My dear girl, we didn't have enough time just the one week I rode you as a camper and another when I was staff. Not long at all but long enough to fall in love with you. With your trot, so bouncy even your habit of falling asleep if you stood still for too long, you couldn't help it. I loved seeing campers faces when I informed them of your little quirk and assured them all they need do if you nodded of was give the reigns a gentle tug and talk to you. 
Girly I wish you'd stayed longer but it wa just your time. I'm glad wasn't there when you went I wouldnt have been able to function. I'd have sat in the tack room and cried all weekend. There's just one thing wrong with that baby and that is I never got to say "goodbye" so I'll say it now. 
Goodbye dear friend, you were a good horse and many a camper and staff loved you. I'll miss your personality and your beautiful dapple gray coat and begging you to come to gate for pets on my off blocks.your stall may have been filled but your place in my heart wasn't. Goodbye Freckles, we all miss and love you.


----------



## gunslinger (Sep 17, 2011)

Sorry you lost Freckles......but Freckles memory lives on in you.

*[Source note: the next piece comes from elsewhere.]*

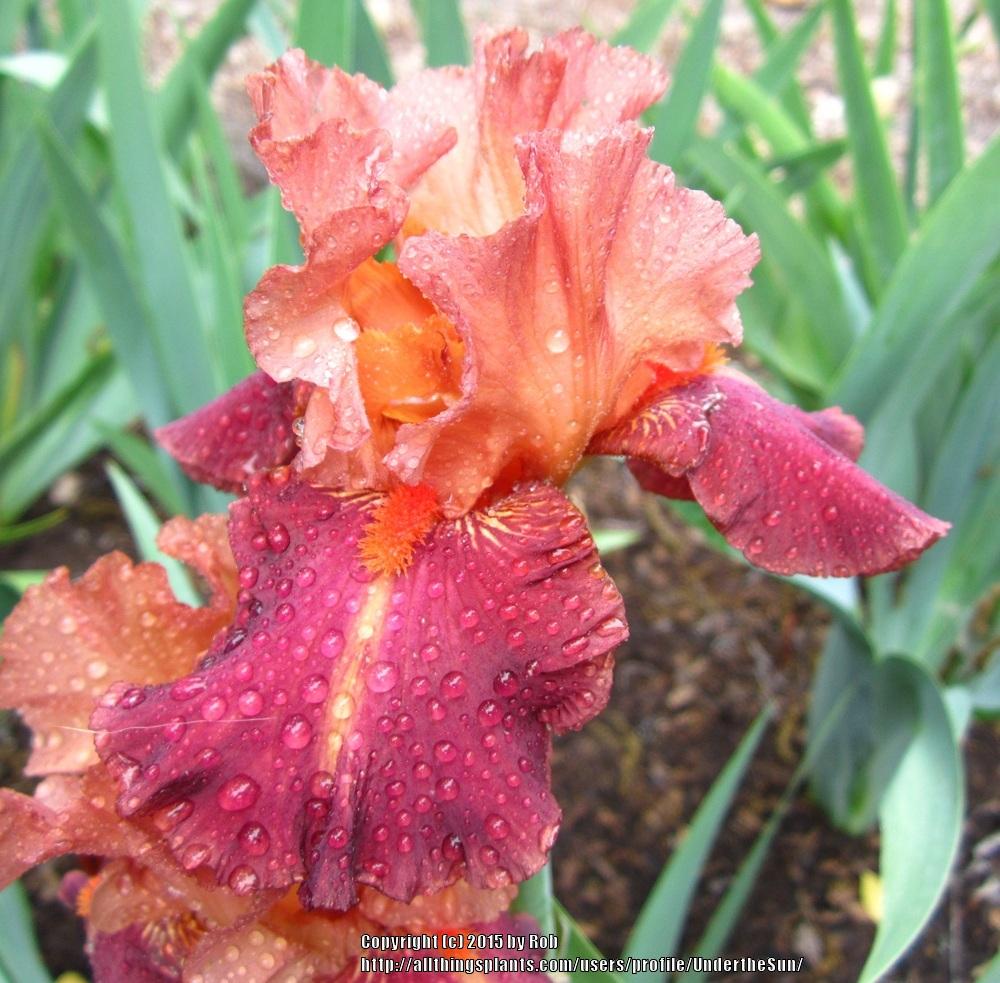 Photo of Tall Bearded Iris (Iris 'Outrageous Fortune') uploaded by UndertheSun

That doesn't make it hurt any less, but knowing he was loved and is missed means he found a place in your heart, and nothing can be more special than to be loved by someone.


----------



## HorseLovinLady (Jul 18, 2011)

So sorry to hear about Freckles. :-(


----------



## Samstead (Dec 13, 2011)

thanks for the condolences (sp?) I'm sure if she could see this she'd nicker her thanks to. I think the worst part is she SHOULD have had a few years left...I hate colic...


----------



## Samstead (Dec 13, 2011)




----------



## gunslinger (Sep 17, 2011)

Samstead said:


> thanks for the condolences (sp?) I'm sure if she could see this she'd nicker her thanks to. I think the worst part is she SHOULD have had a few years left...I hate colic...


Thus the advice to live everyday like it was the last.

Love with all your heart.

Be thankful for the pleasure life brings.

Freckles was one of your pleasures in life, that's why it hurts so bad. In the end, it's always worth it.

Gains and losses have a habit of equaling out in the end.


----------